“The Government can’t escape the fact that the agreement it signed on the future of land at Ihumātao only says houses ‘may’ be built there and since the agreement was announced there hasn’t been any commitment that a single house...
“The Government can’t escape the fact that the agreement it signed on the future of land at Ihumātao only says houses ‘may’ be built there and since the agreement was announced there hasn’t been any commitment that a single house will actually be built there,” says ACT Housing spokesperson Brooke van Velden.
“Save Our Unique Landscape’s (SOUL’s) only public statement since the announcement of the agreement doesn’t mention housing once.
“Advice from the Ministry of Housing and Urban Development to the Cabinet made it clear that the agreement left Ihumātao’s new owners with the potential to determine that there are ‘other uses which are deemed to be more suitable than housing’ for the land.
“This is important, because Treasury doesn’t believe the land meets the appropriation criteria for the Government’s Land for Housing fund – which was established to support KiwiBuild.
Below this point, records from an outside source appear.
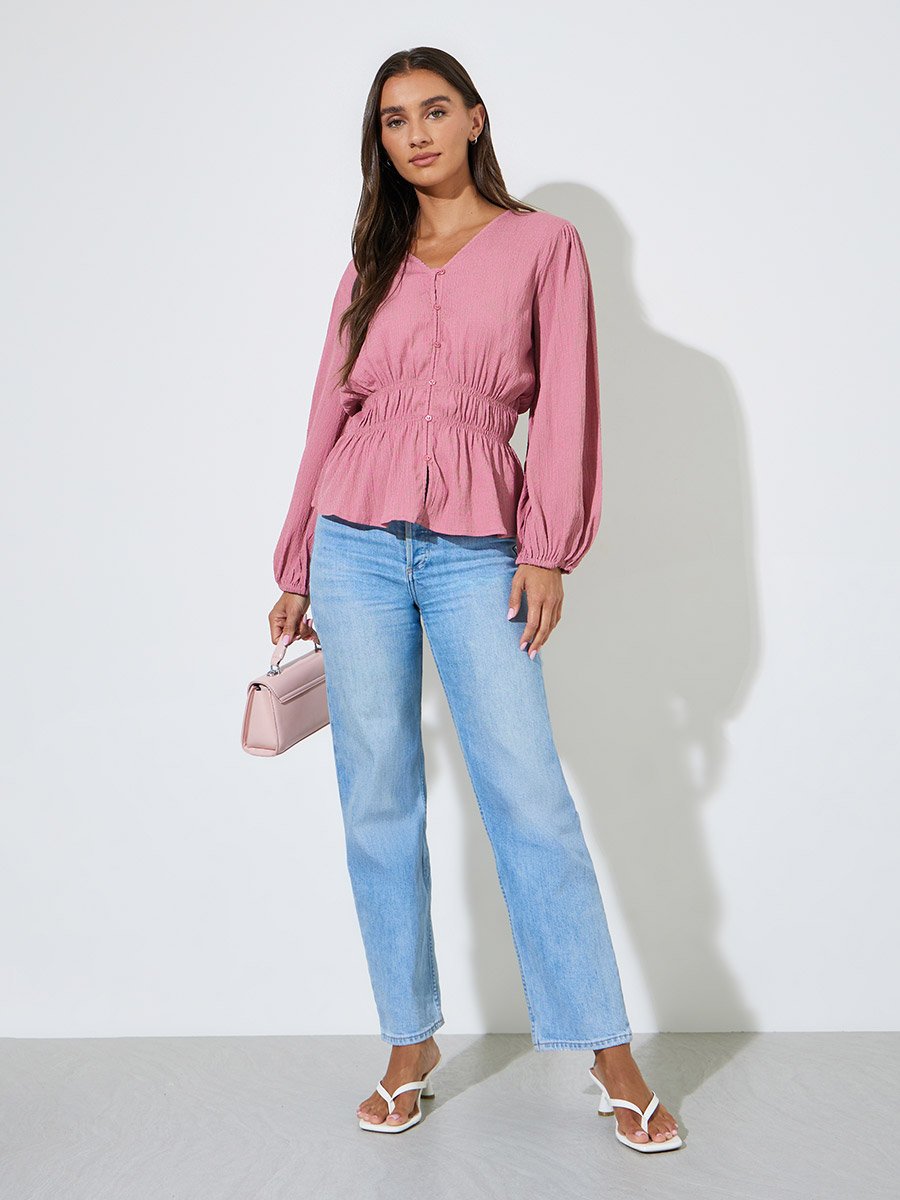 Pink Solid Smoked Waist V-Neck Long Sleeves Blouse
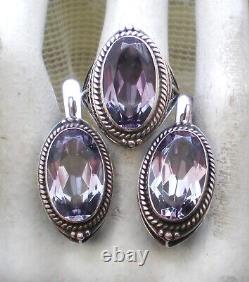 Bague cocktail vintage en argent sterling russe soviétique de l'URSS avec alexandrite faite à la main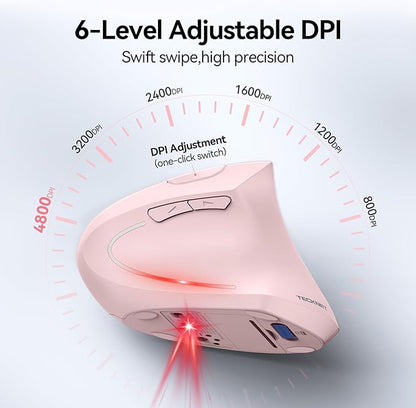 TECKNET Ergonomic Mouse, Wireless Bluetooth Vertical Mouse, 4800 DPI Optical Tracking, 6 Adjustable DPI, Quiet Clicks, 2.4GHz with USB A Receiver, 12 Months Battery, 6 Buttons, Wide Compatibility | Mice - TrueDesk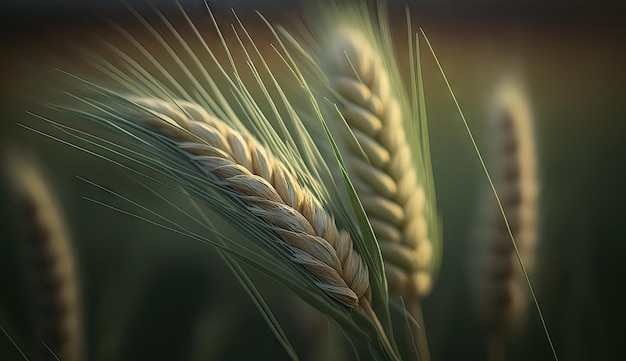 AI generato Spighe di grano dorato sul campo Profondità di campo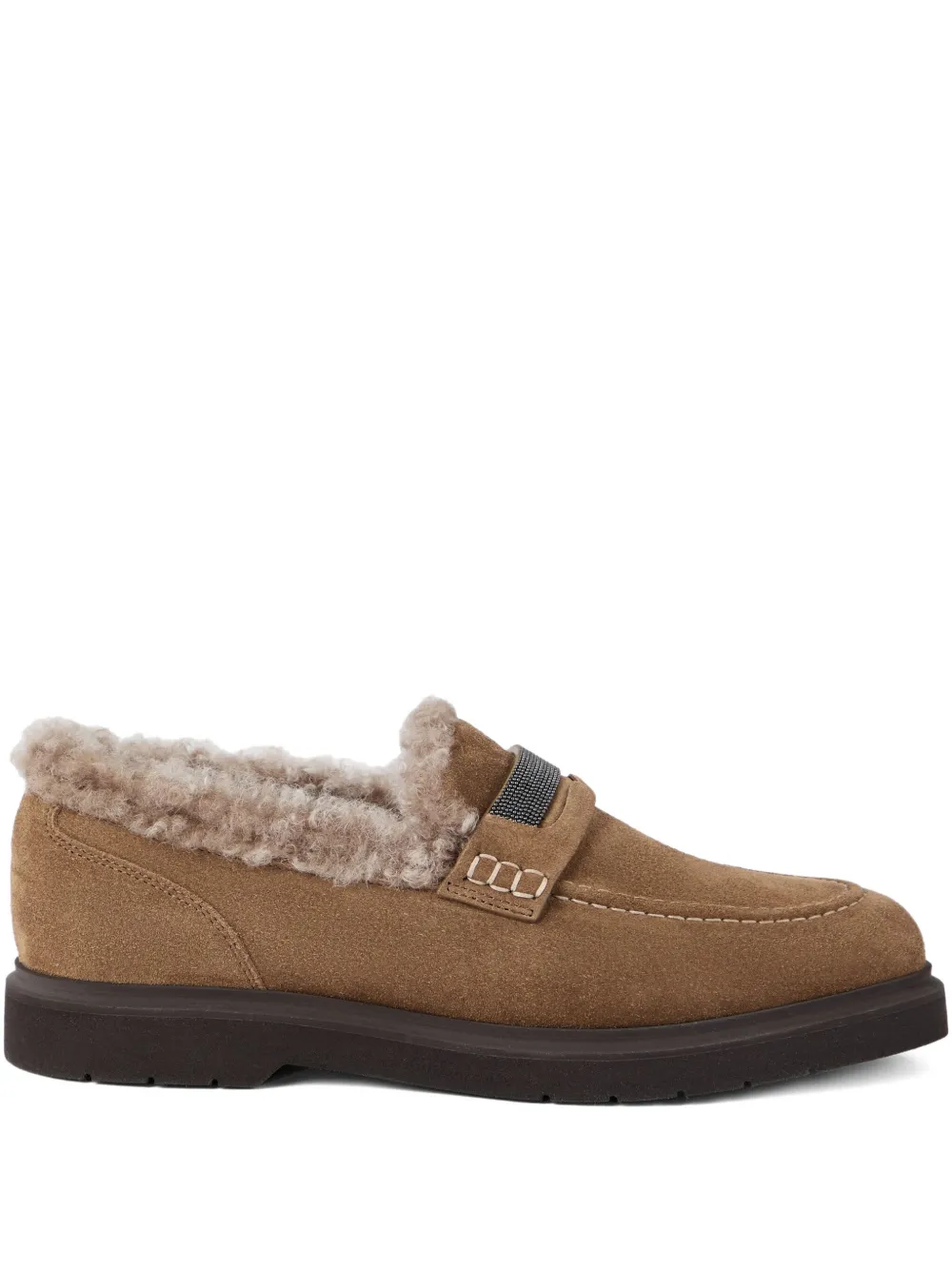 Brunello Cucinelli shearling-trimmed penny loafers Brown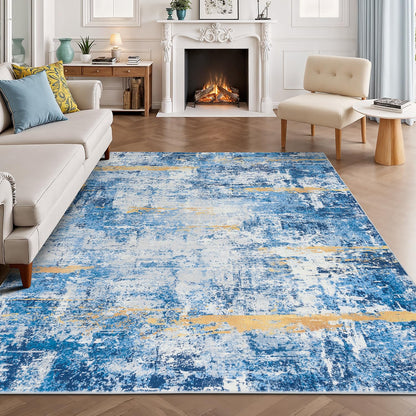 Rugflix 8x10 Area Rug for Living Room, Washable Navy Blue Dark Black Carpet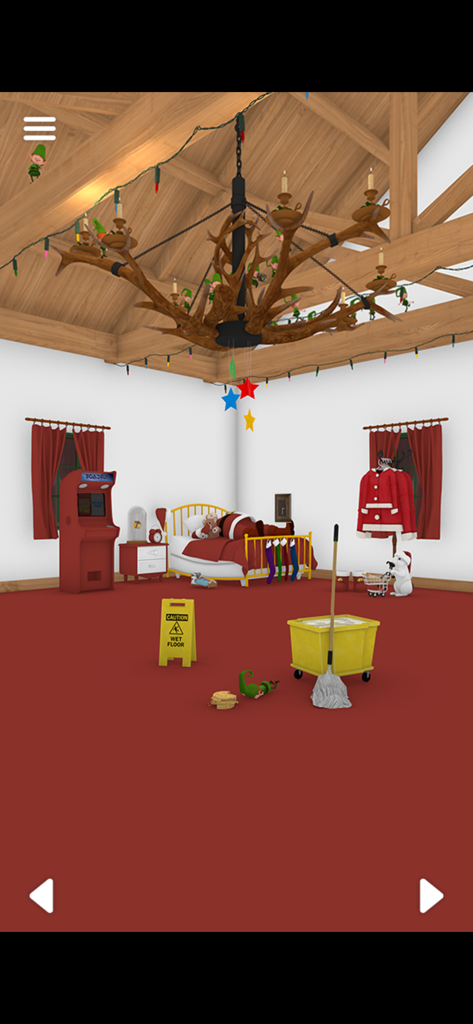 Escape Game: Ho Ho Ho! - Ein gemütliches 3D-Zimmer aus Escape Game Ho Ho Ho mit einem schlafenden Santa und einem Geweih-Kronleuchter.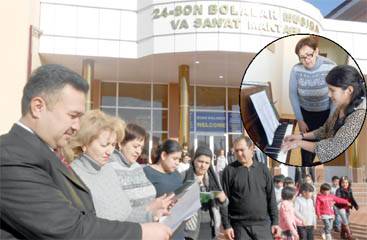 24-son bolalar musiqa va san’at maktabi oldida. Foto: zarnews.uz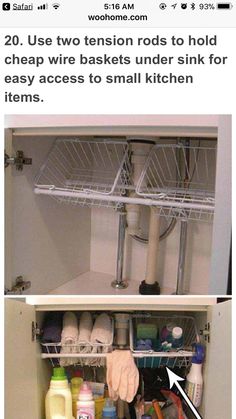 two pictures of the inside of a kitchen cupboard with items in it and an image of a dishwasher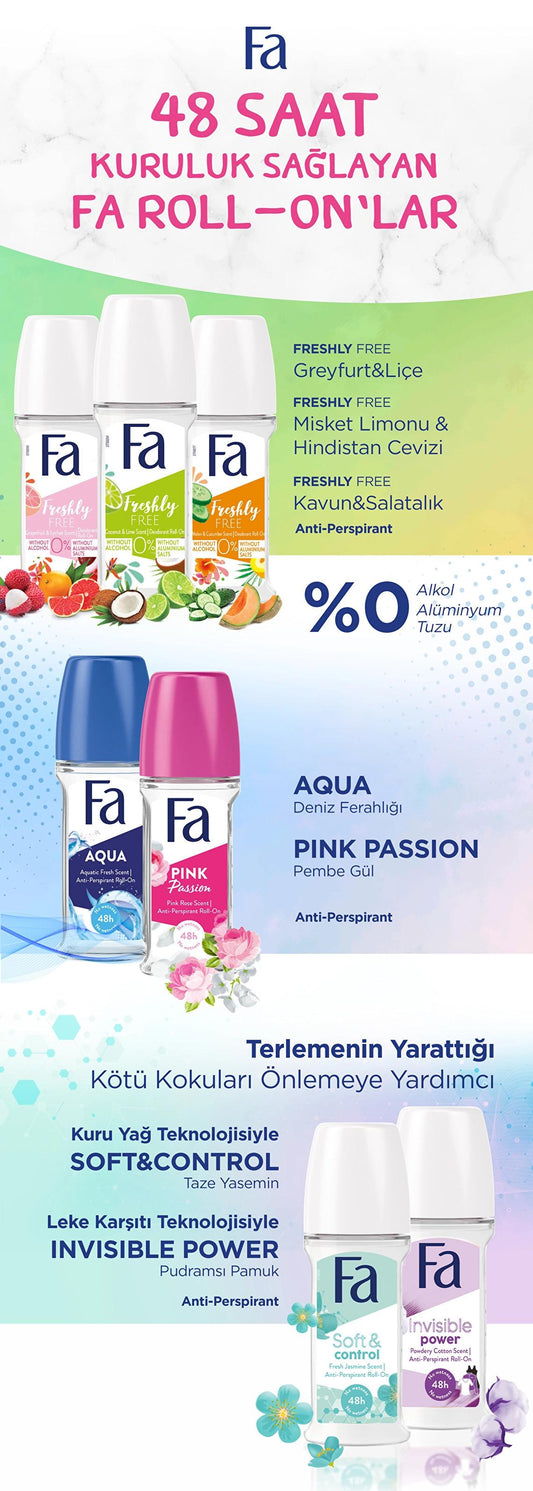 Fa Aqua Women Deodorant Roll-On 50ml - Long-Lasting Freshness | Antiperspirant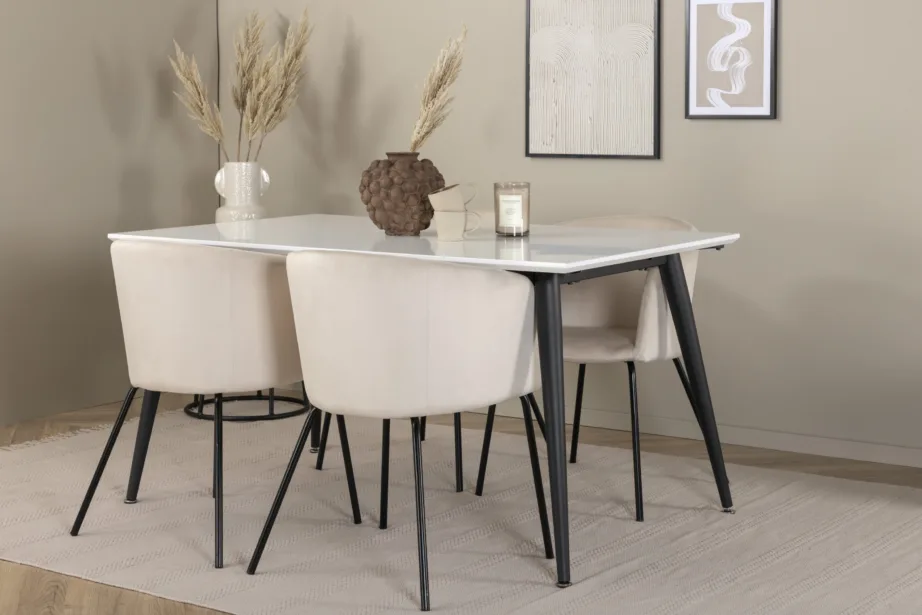 Pikendatav söögilaud Jimmy ja 4 beeži velvetist tooli, GR22305 – 6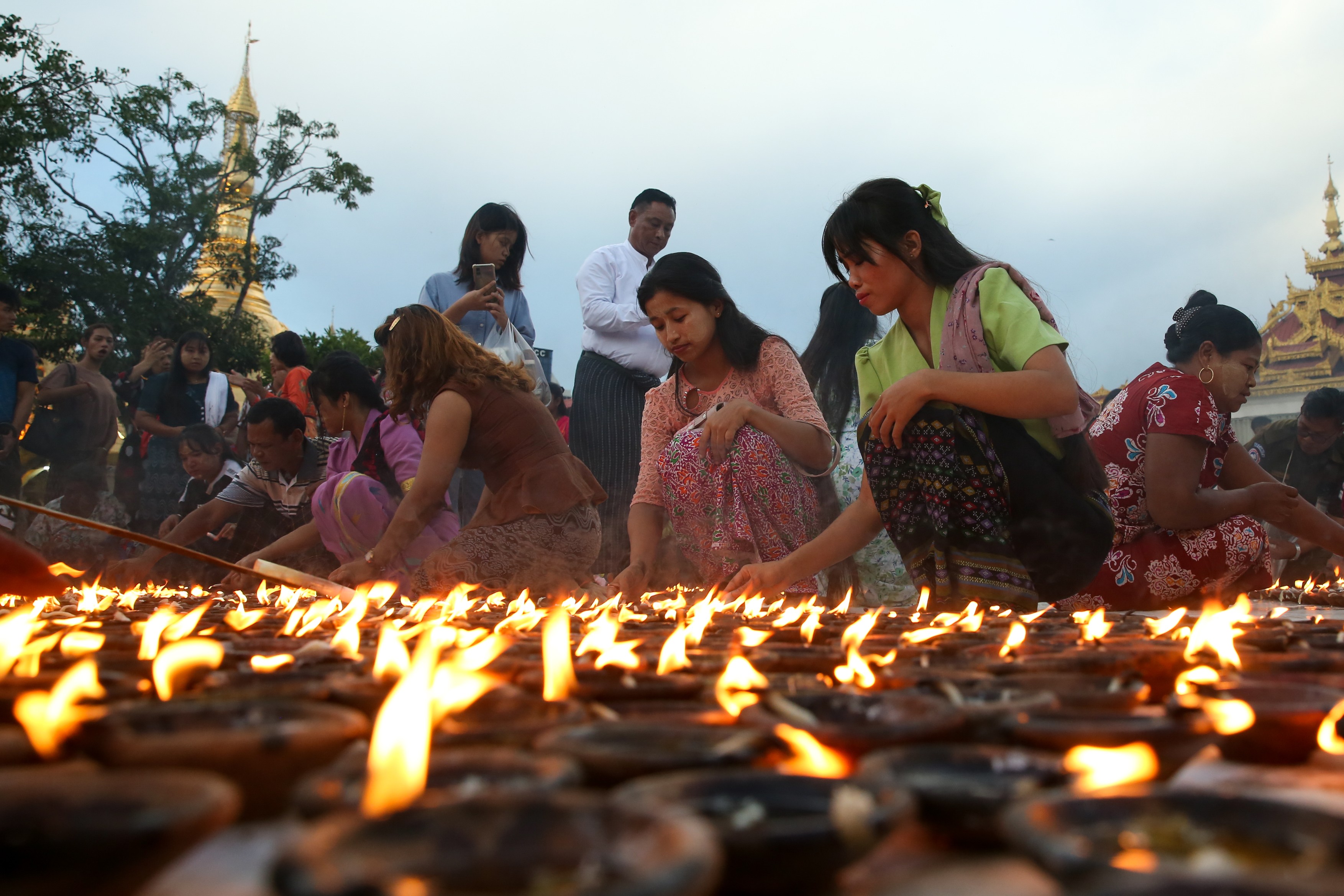 MYANMAR YANGON FULL MOON DAY THADINGYUT FESTIVAL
“Almost four months on from the announcement the governance group responsible for agreeing on the future use of the land hasn’t even been appointed.
“The longer we don’t get an announcement of a development partner and a plan for building houses the harder it gets for the Government to fit its decidedly square funding peg – the Land for Housing fund – into the round hole that is Ihumātao.
“That’s just one reason ACT has asked the Auditor-General to investigate what appears to be a wholly inappropriate use of taxpayers’ money.”